═══ Records for processing ═══
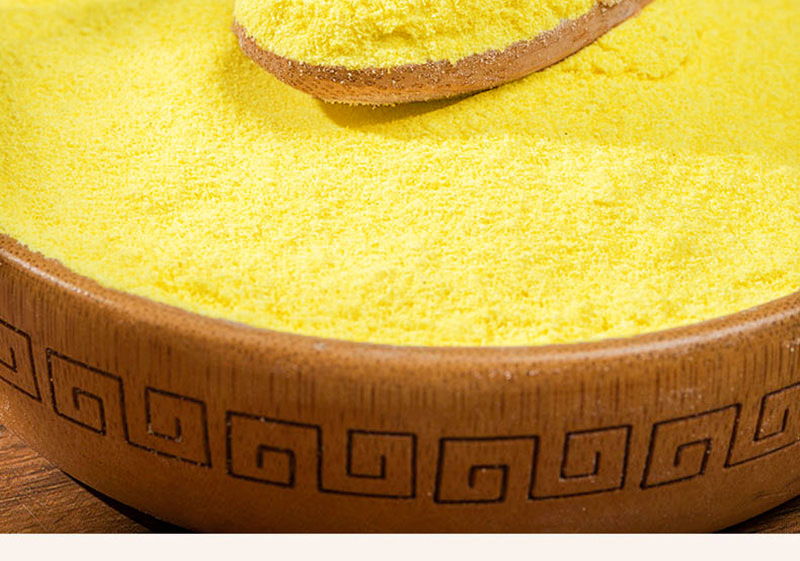 玉米面详情页2_10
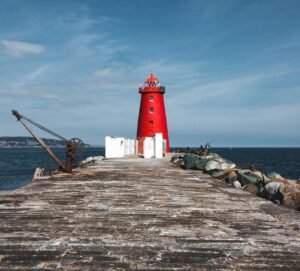 South Wall to Poolbeg Lighthouse Track hidden gems 1024x1024 1 e1601043783210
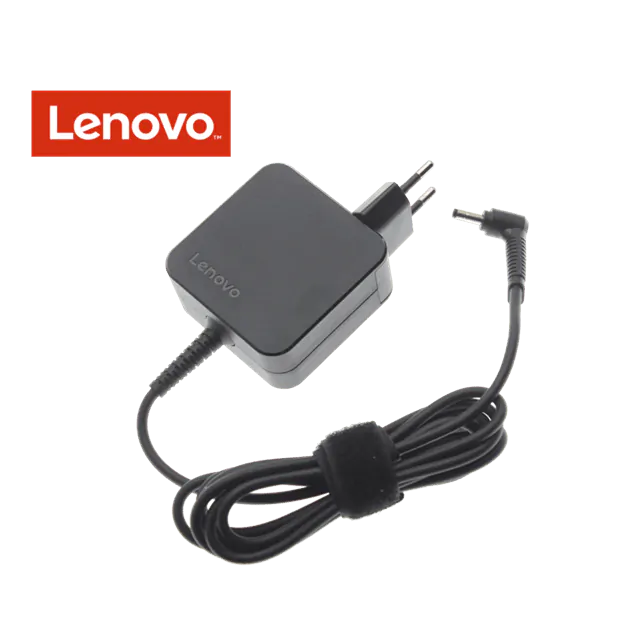 Lenovo İdeaPad 4.0x1.7 65W 20V 3.25A Adaptör Şarj Aleti-Cihazı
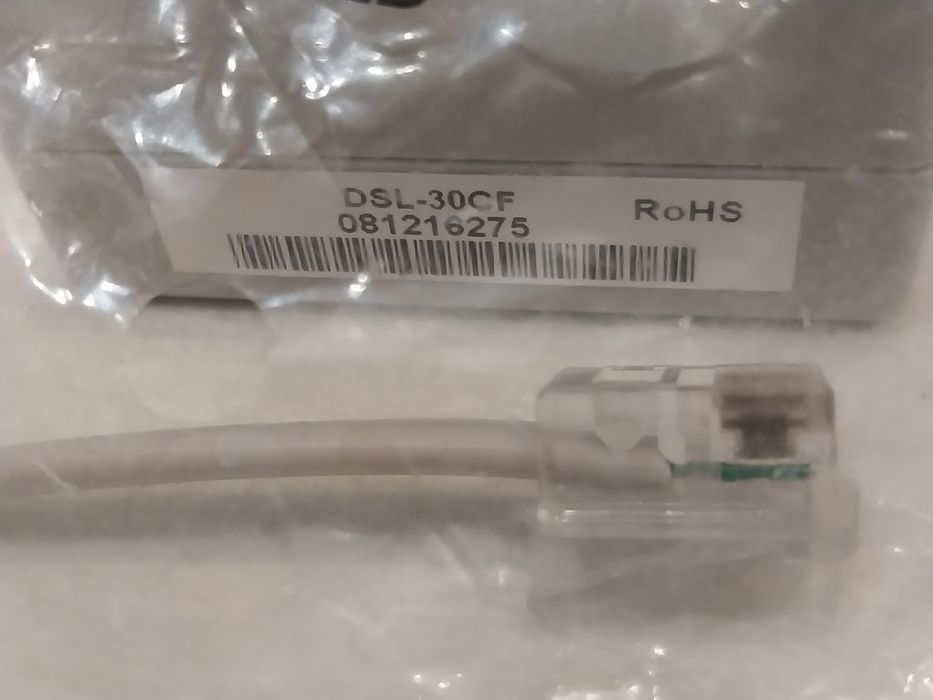 разветвитель D-Link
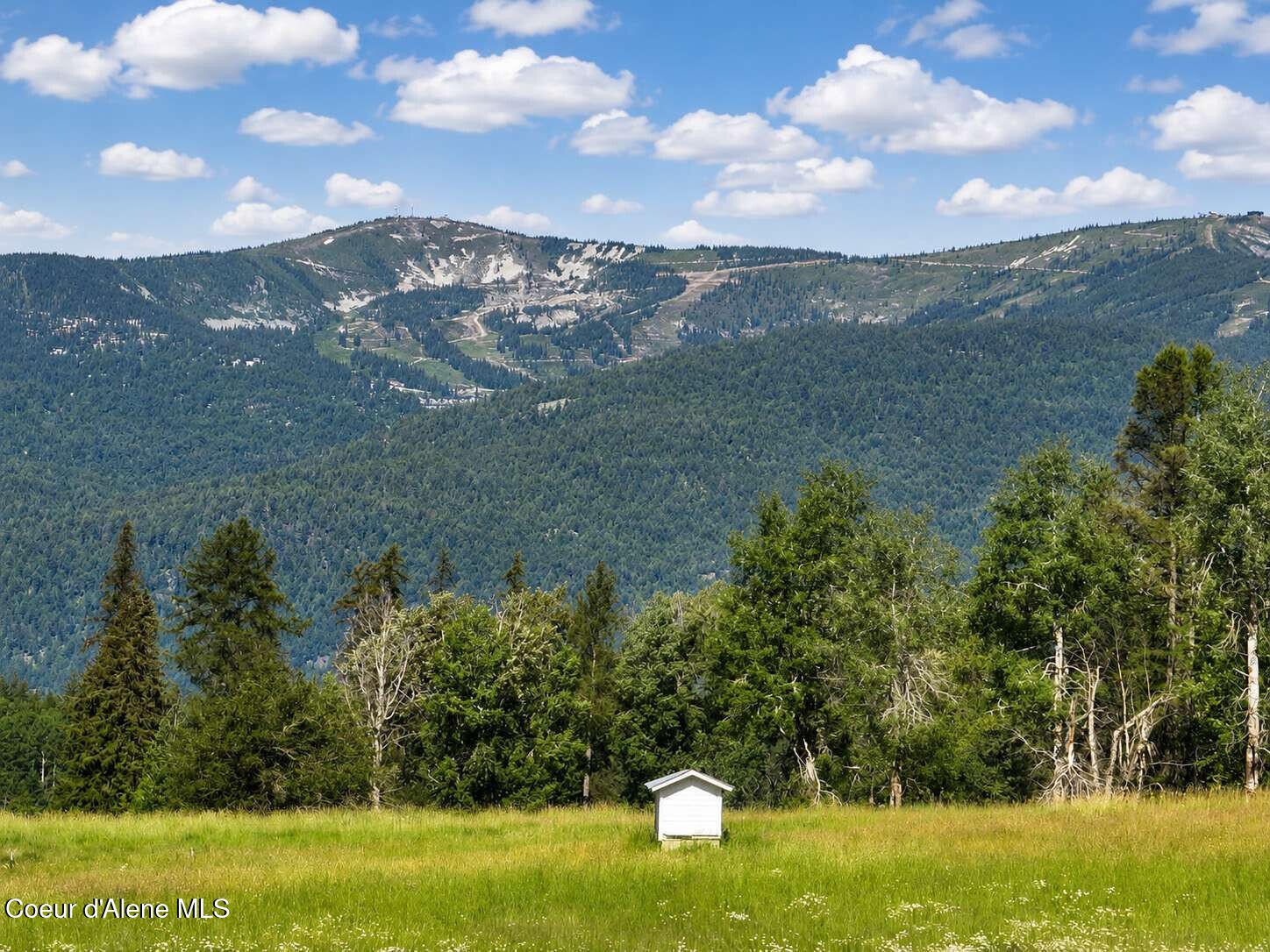 1162 Hickey Road Sandpoint, ID 83864 - Photo 46 of 49 Russell.46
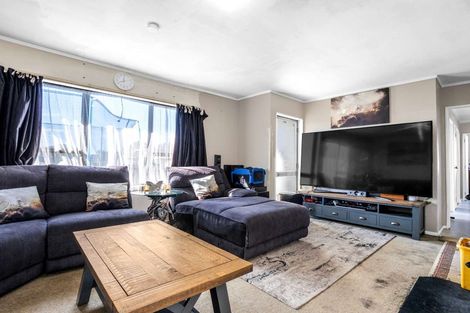 Photo of property in 67a Taharangi Street, Koutu, Rotorua, 3010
═══
In the copy, omit the pictures and reproduce every entry exactly.

[Response to this task]
 玉米面详情页2_10
 South Wall to Poolbeg Lighthouse Track hidden gems 1024x1024 1 e1601043783210
 Lenovo İdeaPad 4.0x1.7 65W 20V 3.25A Adaptör Şarj Aleti-Cihazı
 разветвитель D-Link
 1162 Hickey Road Sandpoint, ID 83864 - Photo 46 of 49 Russell.46
 Photo of property in 67a Taharangi Street, Koutu, Rotorua, 3010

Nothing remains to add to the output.